WORK TASK – A verbatim printing of the entries that follow is needed; pictures must not appear in it.

--- START ---

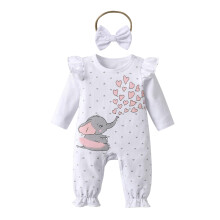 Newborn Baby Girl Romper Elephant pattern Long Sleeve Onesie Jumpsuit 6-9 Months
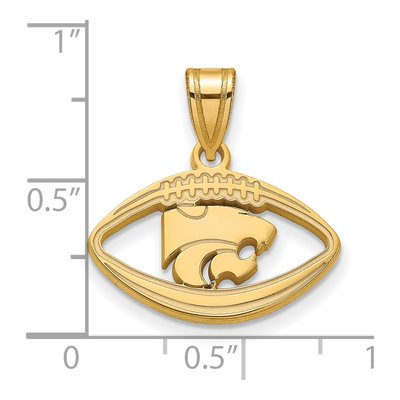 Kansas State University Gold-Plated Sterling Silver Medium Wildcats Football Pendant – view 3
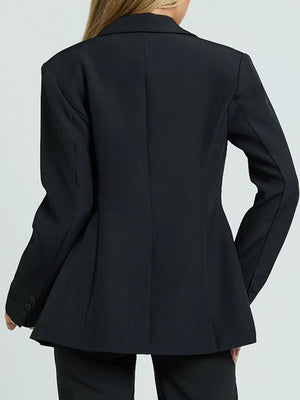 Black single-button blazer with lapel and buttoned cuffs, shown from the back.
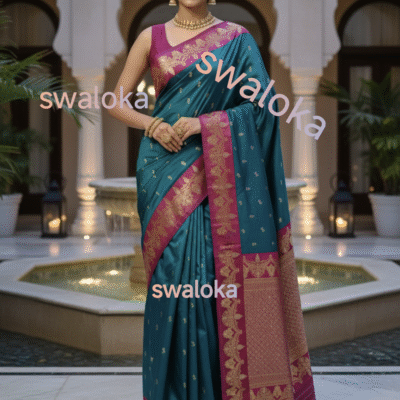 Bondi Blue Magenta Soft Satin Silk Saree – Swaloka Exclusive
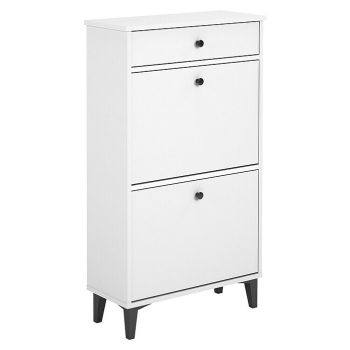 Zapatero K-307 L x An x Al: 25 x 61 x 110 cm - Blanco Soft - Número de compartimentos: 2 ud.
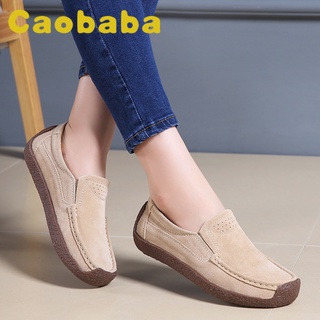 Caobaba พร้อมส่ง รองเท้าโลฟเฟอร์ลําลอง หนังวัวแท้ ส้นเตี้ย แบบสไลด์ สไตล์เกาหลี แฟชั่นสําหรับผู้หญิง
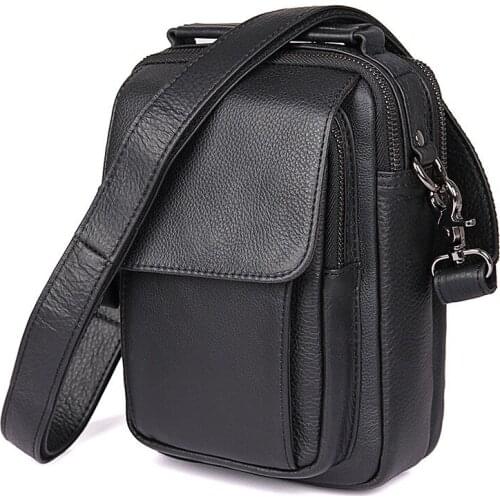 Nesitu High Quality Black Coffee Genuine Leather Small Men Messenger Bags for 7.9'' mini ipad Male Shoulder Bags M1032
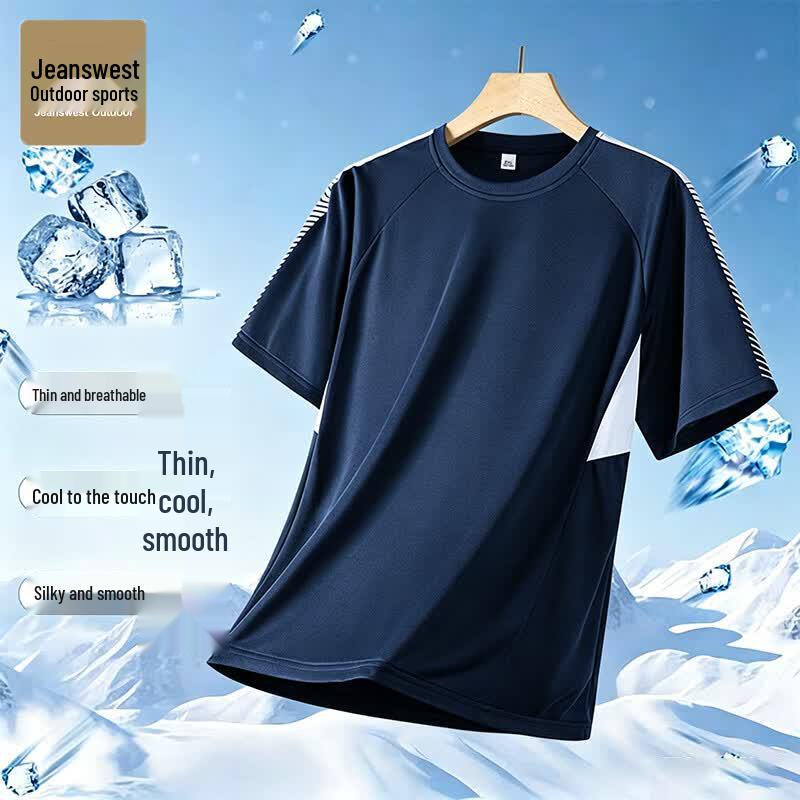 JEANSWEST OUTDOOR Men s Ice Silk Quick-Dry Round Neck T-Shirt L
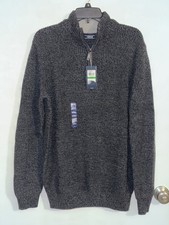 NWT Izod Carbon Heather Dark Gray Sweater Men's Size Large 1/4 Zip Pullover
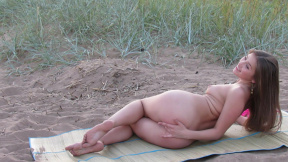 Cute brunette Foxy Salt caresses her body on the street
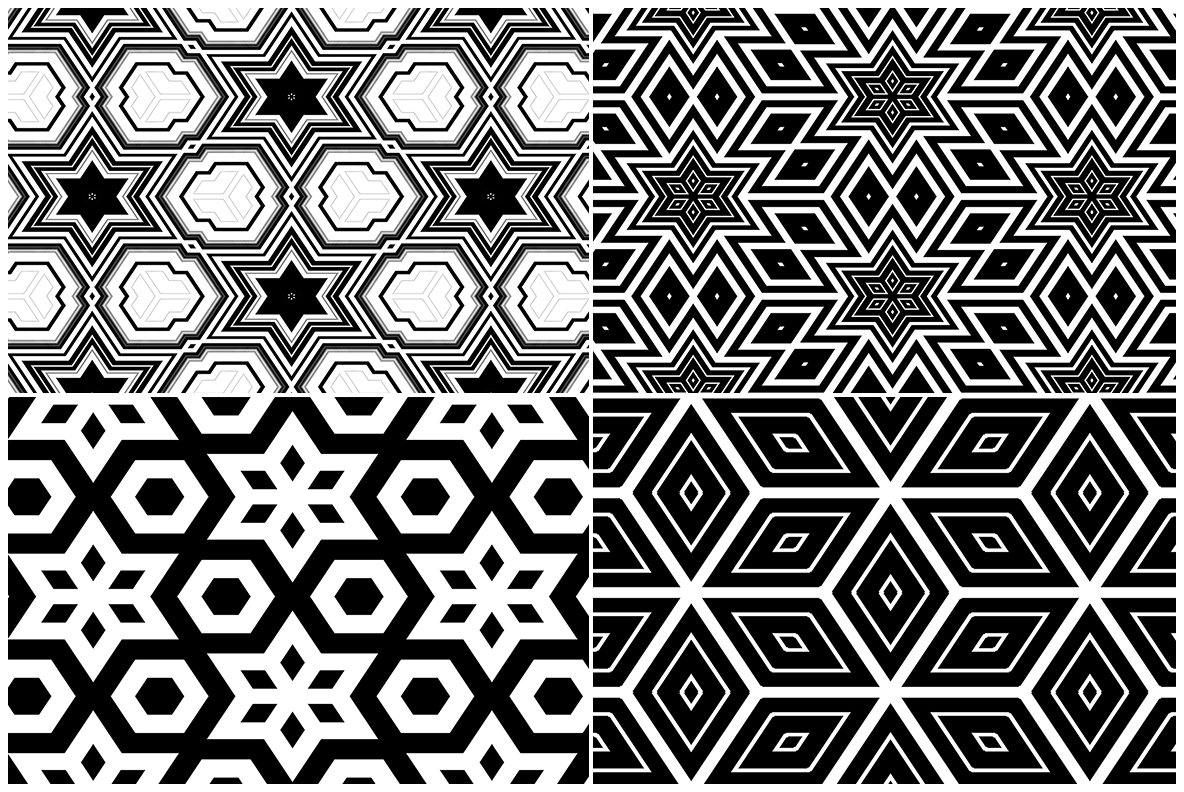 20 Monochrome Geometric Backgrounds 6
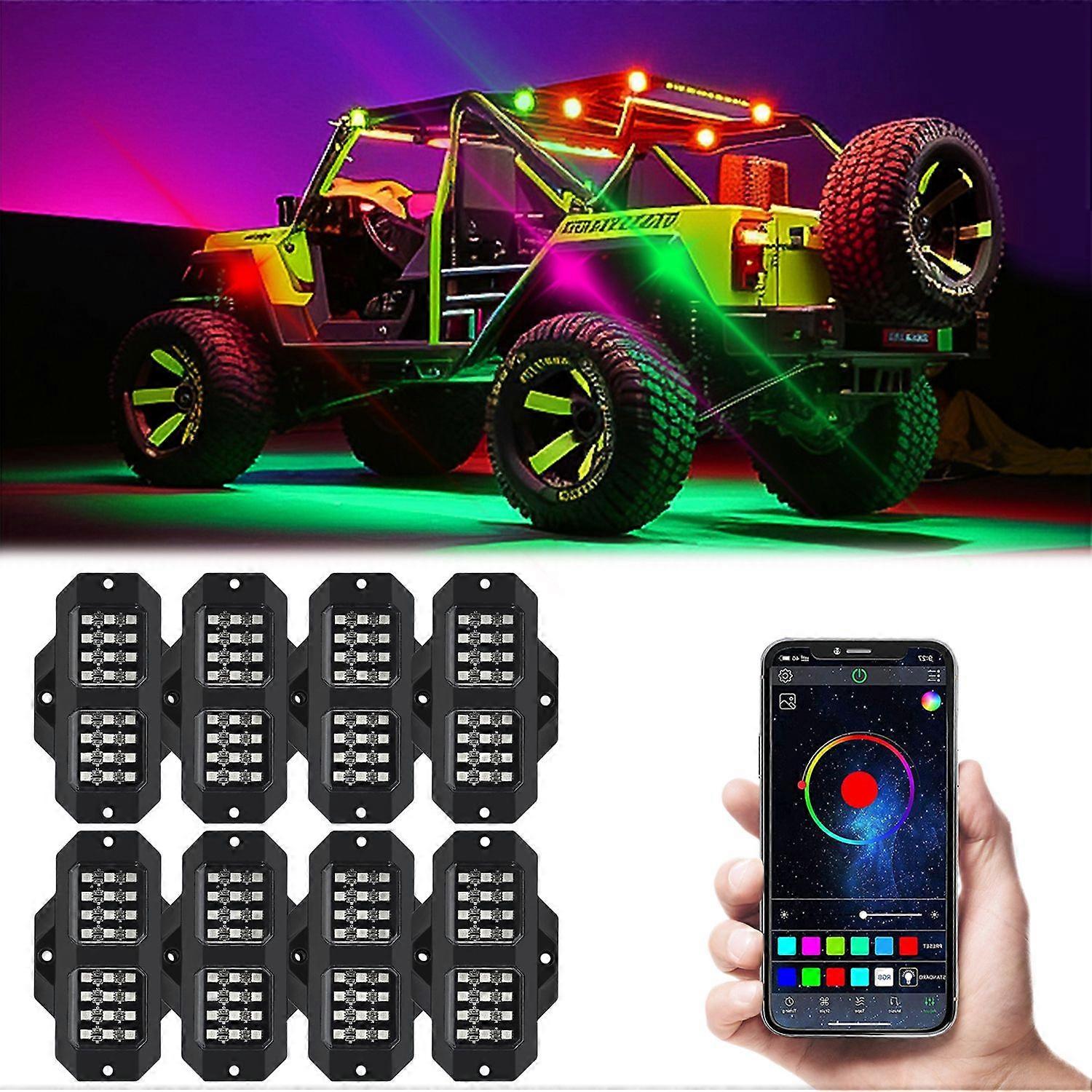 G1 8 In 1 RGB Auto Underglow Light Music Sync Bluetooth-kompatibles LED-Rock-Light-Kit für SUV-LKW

--- END ---

WRITTEN ANSWER –
 Newborn Baby Girl Romper Elephant pattern Long Sleeve Onesie Jumpsuit 6-9 Months
 Kansas State University Gold-Plated Sterling Silver Medium Wildcats Football Pendant – view 3
 Black single-button blazer with lapel and buttoned cuffs, shown from the back.
 Bondi Blue Magenta Soft Satin Silk Saree – Swaloka Exclusive
 Zapatero K-307 L x An x Al: 25 x 61 x 110 cm - Blanco Soft - Número de compartimentos: 2 ud.
 Caobaba พร้อมส่ง รองเท้าโลฟเฟอร์ลําลอง หนังวัวแท้ ส้นเตี้ย แบบสไลด์ สไตล์เกาหลี แฟชั่นสําหรับผู้หญิง
 Nesitu High Quality Black Coffee Genuine Leather Small Men Messenger Bags for 7.9'' mini ipad Male Shoulder Bags M1032
 JEANSWEST OUTDOOR Men s Ice Silk Quick-Dry Round Neck T-Shirt L
 NWT Izod Carbon Heather Dark Gray Sweater Men's Size Large 1/4 Zip Pullover
 Cute brunette Foxy Salt caresses her body on the street
 20 Monochrome Geometric Backgrounds 6
 G1 8 In 1 RGB Auto Underglow Light Music Sync Bluetooth-kompatibles LED-Rock-Light-Kit für SUV-LKW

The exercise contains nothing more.